La historia de Laberinto Patagonia: intuición, símbolos y un sendero compartido
El inicio no fue un punto. Fue una curva.
Un movimiento suave, intuitivo, como los primeros pasos dentro de un laberinto que aún no existe… pero ya está vivo.
Esta es la historia de un sueño profundo, una certeza silenciosa que apareció sin aviso, como si siempre hubiera estado ahí.
Durante un año entero, el diseño de Laberinto Patagonia fue creciendo entre madrugadas, intuiciones y libros abiertos.
Filosofía, geometría sagrada, kabbalah, mitología.
El trazo final no solo respondía a la tierra: respondía a algo interior.

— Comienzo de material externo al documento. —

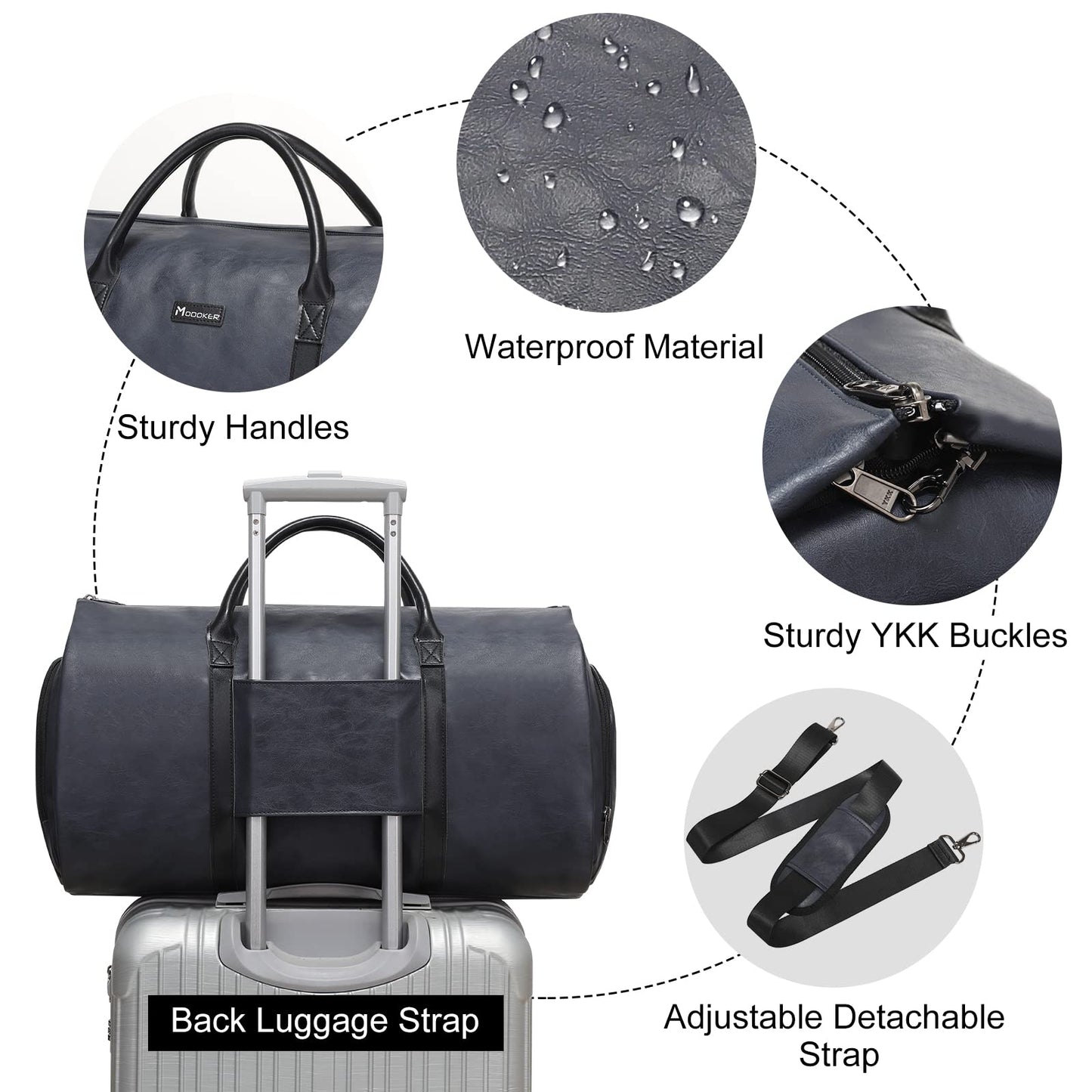 Modoker Convertible Leather Garment Bag, Carry on Garment Bags for Travel, Garment Duffel Bag, Gifts for Men Women Business Waterproof Suitcase Suit Travel Bags, Blue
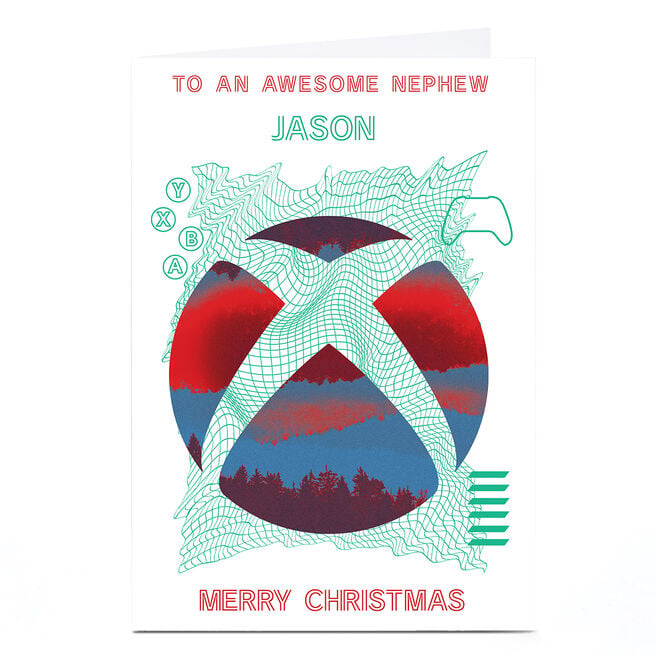Personalised Xbox Christmas Card - Green & Red Logo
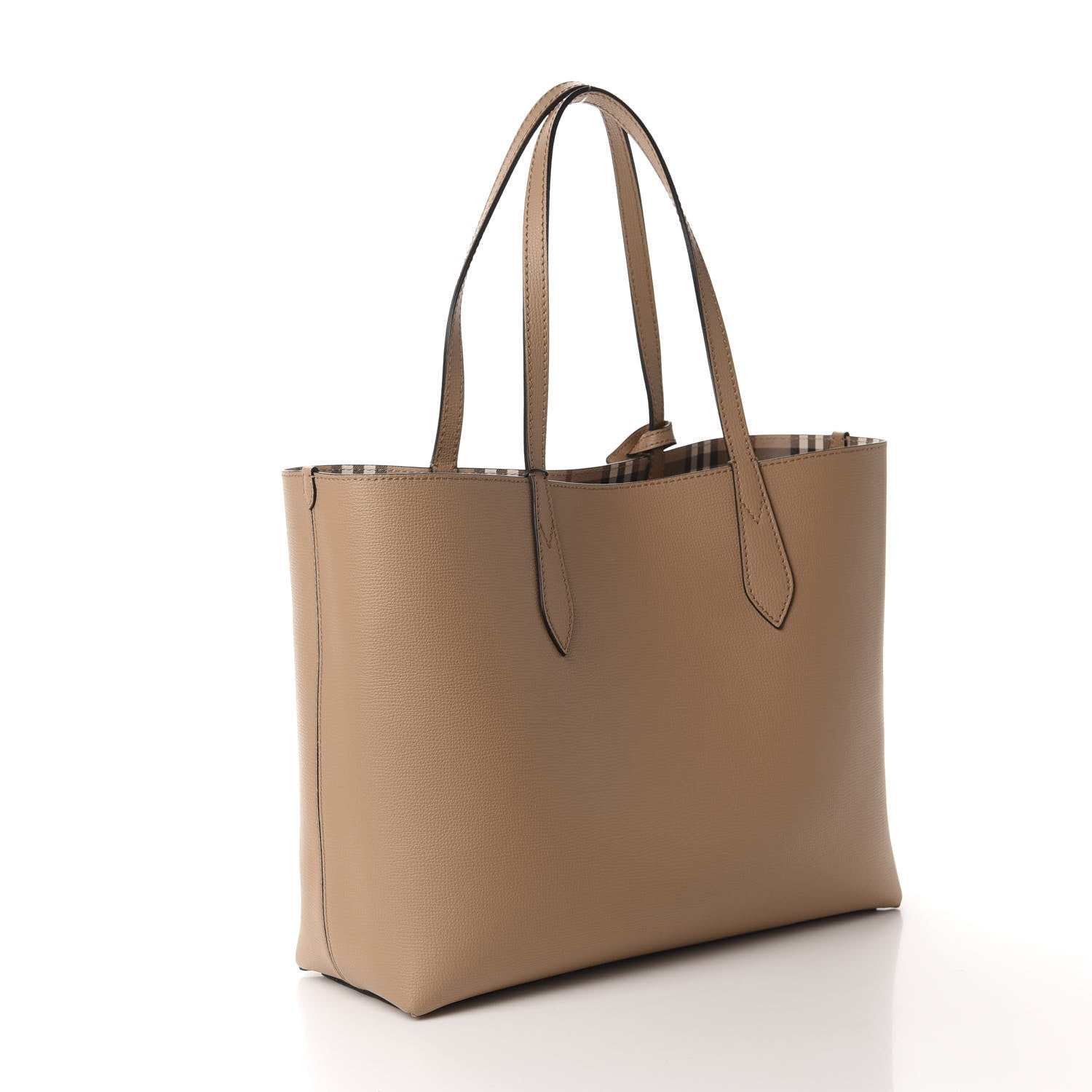 Burberry Grainy Calfskin Haymarket Check Medium Reversible Tote Camel 10 of 15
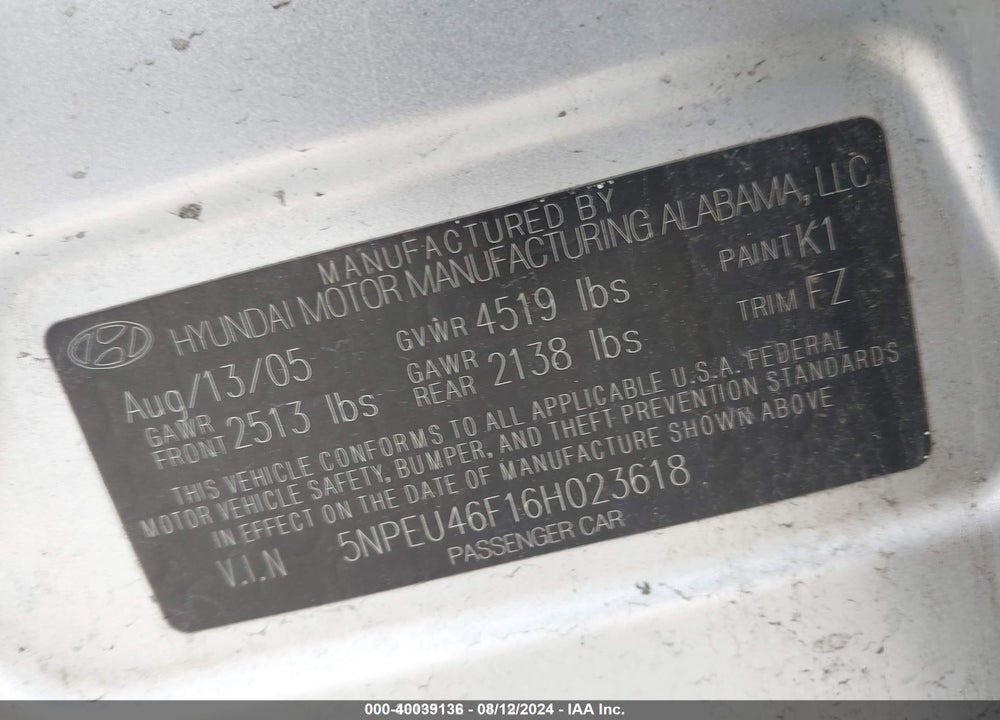 2006 HYUNDAI SONATA GLS V6/LX V6 VIN: 5NPEU46F16H023618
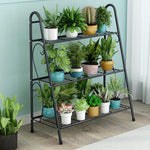 HASTHIP 3 Tier Metal Plant Stand for Balcony with Vertical Design | Indoor and Outdoor Display Shelf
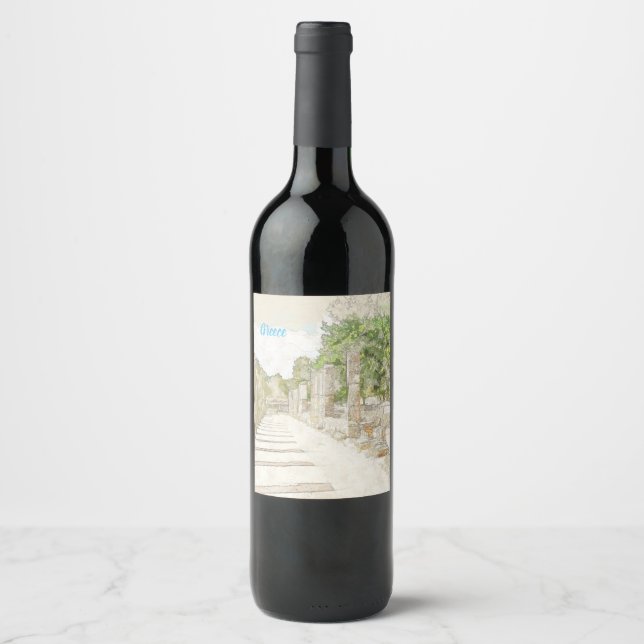 Ancient Olympia Greece Sketch Wine Label – Vintage (Front)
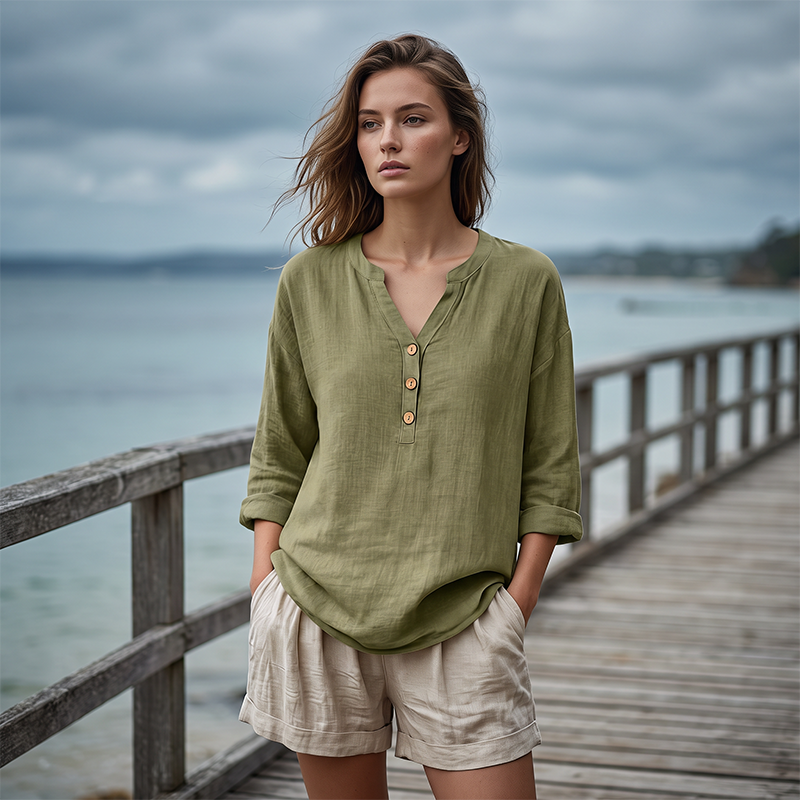 Women's Casual V-Neck 3/4 Sleeve Blouse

Fue en un momento de duda, podando sin saber si el proyecto llegaría a florecer, que una señal ancestral apareció en el lugar menos esperado: un hacha de obsidiana, idéntica a las del laberinto de Creta, exhibida en el museo de Leleque.
Una pieza tehuelche —la labrys— que revelaba que el símbolo del laberinto también vivía aquí, en la Patagonia.
Y que el viaje interior que propone no es solo griego ni europeo: es humano, universal.
Desde entonces, cada curva del recorrido se volvió compromiso.
No solo con la tierra, sino con quienes algún día lo transitarían.
Porque un laberinto es una invitación.
A jugar, a buscar, a detenerse, a renacer.
A mirar hacia adentro.
Hoy, Laberinto Patagonia es el laberinto natural más grande de Sudamérica, pero también es mucho más que eso: es un espacio construido en familia, desde el amor por la naturaleza y el deseo de compartir una experiencia que trascienda lo turístico.
Una propuesta viva, sensible y abierta a quien quiera caminarla.
Como decía el I Ching: la perseverancia trae ventura.